> **WHAT NEEDS TO BE DONE**
Below are some records; give them all again exactly, but not the pictures.
Start of RECORDED DATA
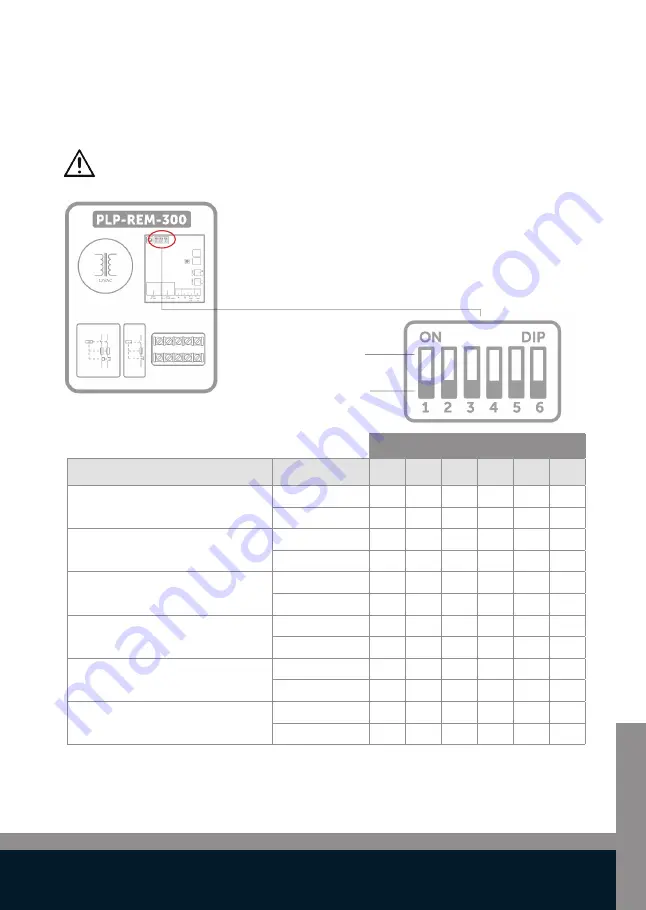 Duratech LINK Driver PLP-REM-300 Скачать руководство пользователя страница 89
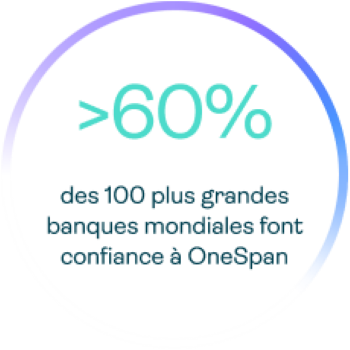 60% des 100 plus grandes banques mondiales font confiance a OneSpan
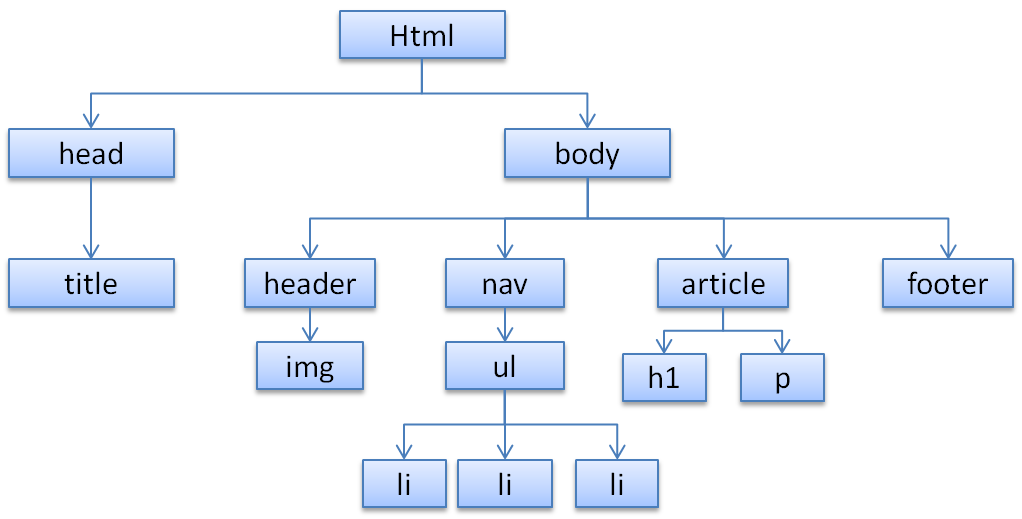 Esquema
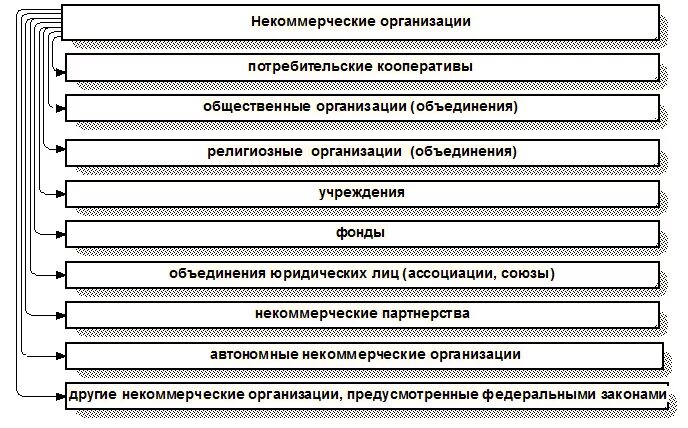 Некоммерческая организация недвижимости. Классификация некоммерческих юридических лиц. Классификация юридических лиц некоммерческие организации. Схема виды некоммерческих юридических лиц. Схема некоммерческие юридические лица.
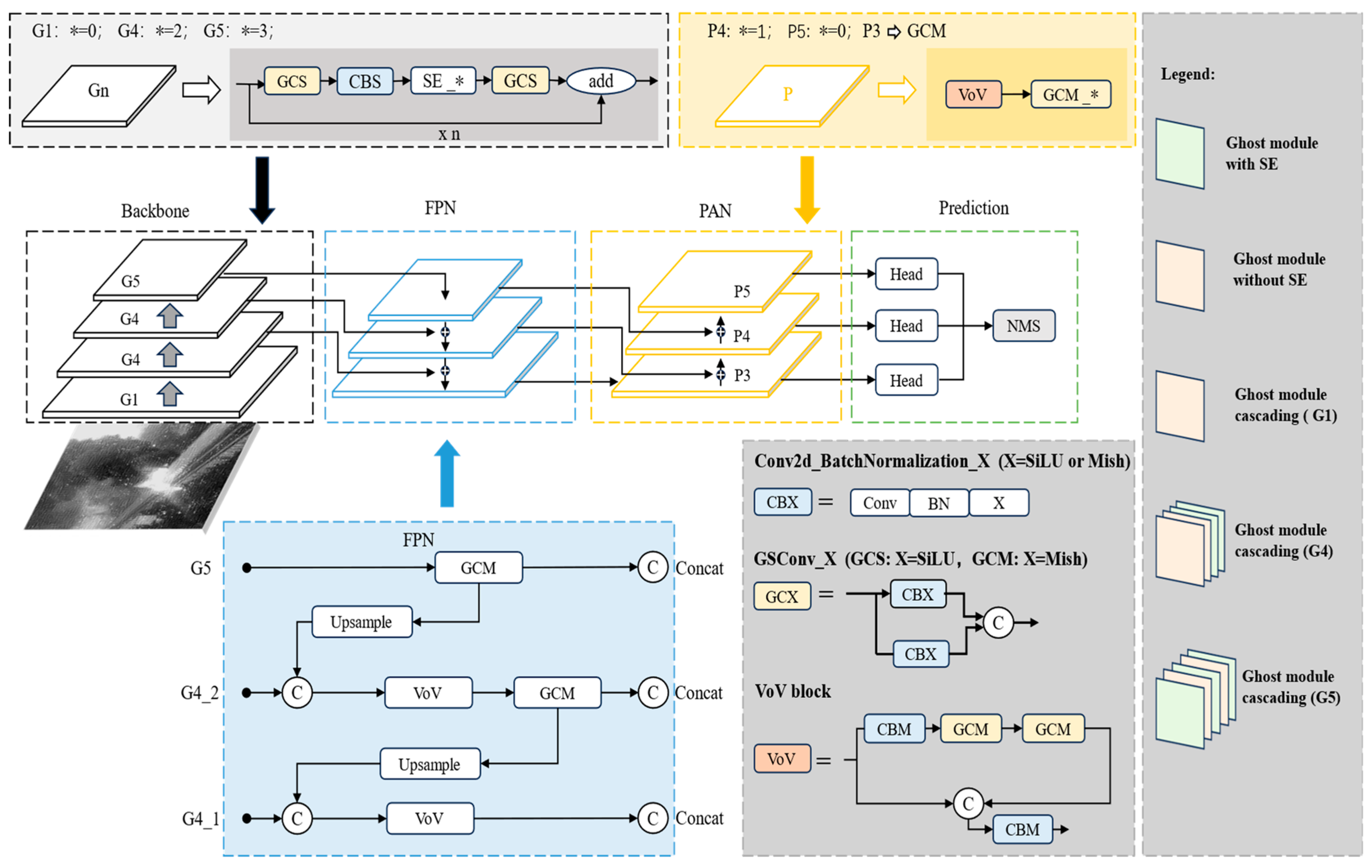 Applsci 14 00989 g004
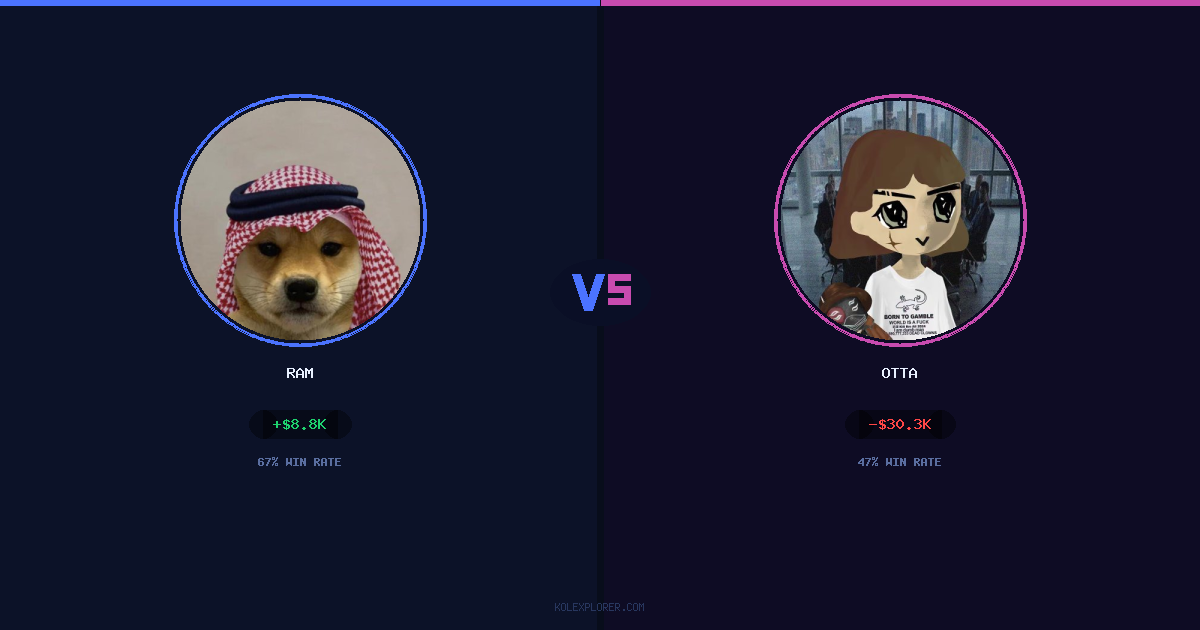 Ram vs Otta preview
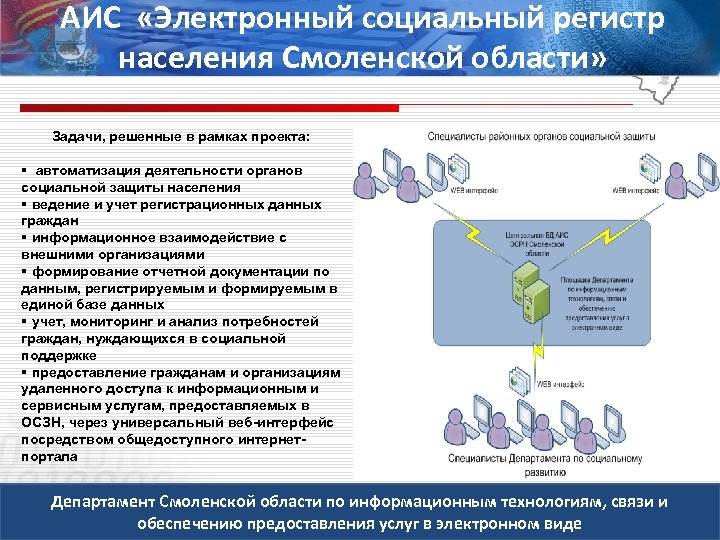 АИС «Электронный социальный регистр населения Смоленской области» Задачи, решенные в рамках проекта: § автоматизация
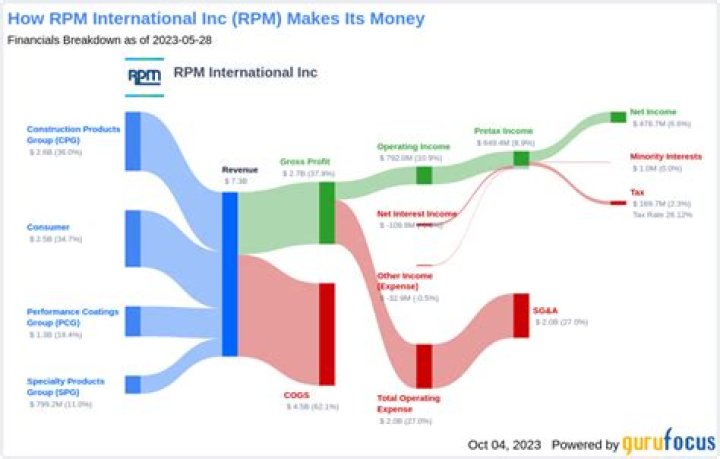 Unveiling the World of RPM Datasettlement: A Comprehensive Guide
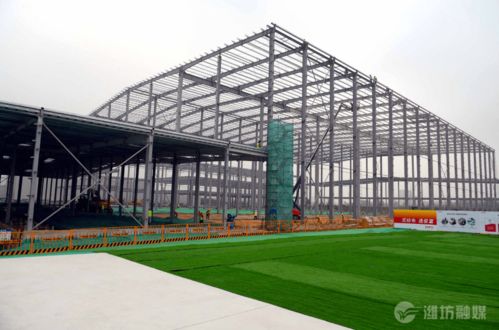 比学赶超抓项目，技术开发迎大突破大发展新浪潮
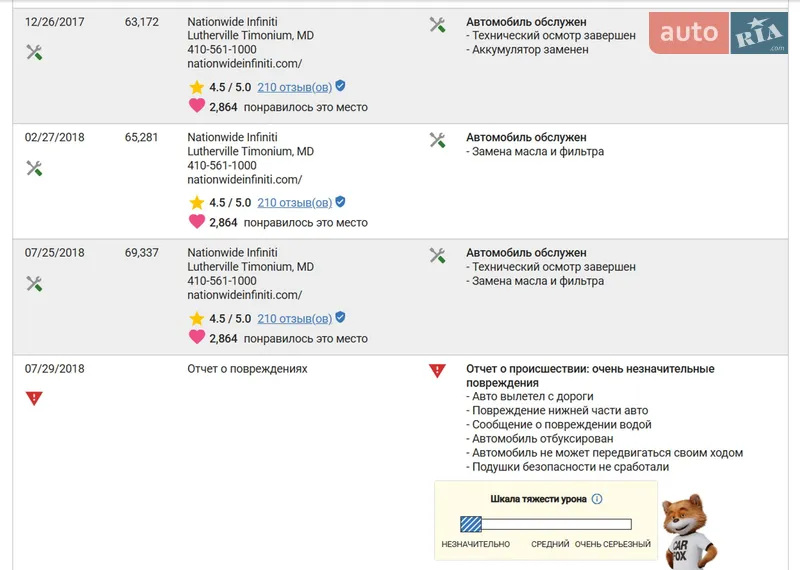 Кабриолет Infiniti G37 2011 в Киеве документ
End of RECORDED DATA
> **REPLY**
 Duratech LINK Driver PLP-REM-300 Скачать руководство пользователя страница 89
 60% des 100 plus grandes banques mondiales font confiance a OneSpan
 Esquema
 Некоммерческая организация недвижимости. Классификация некоммерческих юридических лиц. Классификация юридических лиц некоммерческие организации. Схема виды некоммерческих юридических лиц. Схема некоммерческие юридические лица.
 Applsci 14 00989 g004
 Ram vs Otta preview
 АИС «Электронный социальный регистр населения Смоленской области» Задачи, решенные в рамках проекта: § автоматизация
 Unveiling the World of RPM Datasettlement: A Comprehensive Guide
 比学赶超抓项目，技术开发迎大突破大发展新浪潮
 Кабриолет Infiniti G37 2011 в Киеве документ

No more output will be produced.